The tasks that are coming up in this project rely on one crucial architectural decision: how to represent the columnar dependencies of operations at the core of the tool. We need a representation which enables a wide range of use cases, so it's not easy to get it right. A waterfall-like development process could consist in first designing this new metadata format, then migrating all the operations to expose such information, and finally implement all the use cases enabled by that. But of course that's running the risk that the architecture chosen to represent the dependencies does not quite address the desired use cases, and so migrating again a lot of operations to expose more metadata later on.
Instead, I am trying another approach: experiment with introducing just enough metadata for one use case at a time, and see where it takes me. The additional metadata I am introducing is always optional, because we need to cater for the needs of special operations whose dependencies cannot be isolated clearly (such as the transpose operations). This means that most operations can be left as is in this first prototyping phase: they are just treated as black boxes by the execution engine. I am therefore concentrating my testing around a sample of operations.
Multiple types of concurrency
I have identified two types of concurrency worth implementing in the tool:
- a row-wise concurrency, where the rows are streamed through the pipeline of operations. This is a form of concurrency, because the operations are running simultaneously: the first row of the table can make it through the entire pipeline before the 100th row has even started to be processed by the first operation. This is a form of concurrency implemented in a lot ETL tools, like Knime or Apache NiFi. When the records mode is used, this would becomes a record-wise concurrency.
- a column-wise concurrency, where operations which work on different columns are executed independently. If you fetch URLs from one column and reconcile another, the two processes should be able to carry on independently.
In my opinion, both types of concurrency would be useful in OpenRefine. The row-wise (or record-wise) concurrency is useful on large datasets, by essentially making it possible to compose your data cleaning workflow by looking at a sample of the data and let the execution follow on the rest of the dataset. But with this concurrency only, the operations you execute towards the end of the pipeline can get held up by any previous slow operations, even though the outcome of those is not actually needed to execute the later operations. So this can lead to unnecessary waits that a columnar analysis can avoid.
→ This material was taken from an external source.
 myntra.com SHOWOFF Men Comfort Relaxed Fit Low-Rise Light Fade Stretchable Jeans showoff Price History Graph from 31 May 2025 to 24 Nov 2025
For now I have been focusing on the column-wise concurrency, because it relates to those wider reproducibility use cases and is therefore helpful to identify the representation of column dependencies that is needed. But I do plan to implement row/record-wise concurrency as well.
Overview of the dependency representation so far
I have modified the column metadata to record, for each column:
- at which step in the history the column was last modified (
lastModified
) - what name the column had at this step (
originalName
)
With those simple ingredients, when starting a long-running operation (that is to say an operation which must persist the data it fetches or computes), we can do the following (roughly):
- analyze which columns are read by that long-running operation
- for each of those columns, read from the column metadata the pair
(lastModified, originalName)
- find the earliest position in the history where all those
(lastModified, originalName)
pairs are present in the column model - run the operation from that position (instead of the current one) as soon as the grid at that position is fully computed
When looking for an earlier state in the history from which to compute the operation, we also ensure that the row / record ids are preserved by the operations browsed. This is done thanks to the existing row / record preservation metadata (introduced in the first phase of the project).
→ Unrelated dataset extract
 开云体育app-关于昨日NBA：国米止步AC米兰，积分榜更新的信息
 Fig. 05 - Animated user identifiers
For now, it is the responsibility of any transformation deriving a new Grid
to update those fields in the new grid. I am anticipating that there should be better ways to ensure that those get updated per the architecture itself. At least for now, if an operation declares it depends only on a certain set of columns, it is only given access to those columns during the computation, so that is already one useful guarantee. I think it should be possible to do something similar the other way around, for modified columns.
Columnar reading of project data
Looking at the turn things are taking, it seems increasingly easy to support columnar reading of the project grid. By this I mean, only reading from disk the columns that are needed for a particular computation. This could potentially even apply to displaying the grid, only reading the columns which are visible onscreen. I would not be surprised if the requirements for such a feature end up being closely aligned with the reproducibility requirements. But because this is only a performance optimization, which does not seem crucial for most of our current users, this is not something I plan to invest a lot of energy into (for now). I just have it on my radar and will keep it in mind in architectural changes.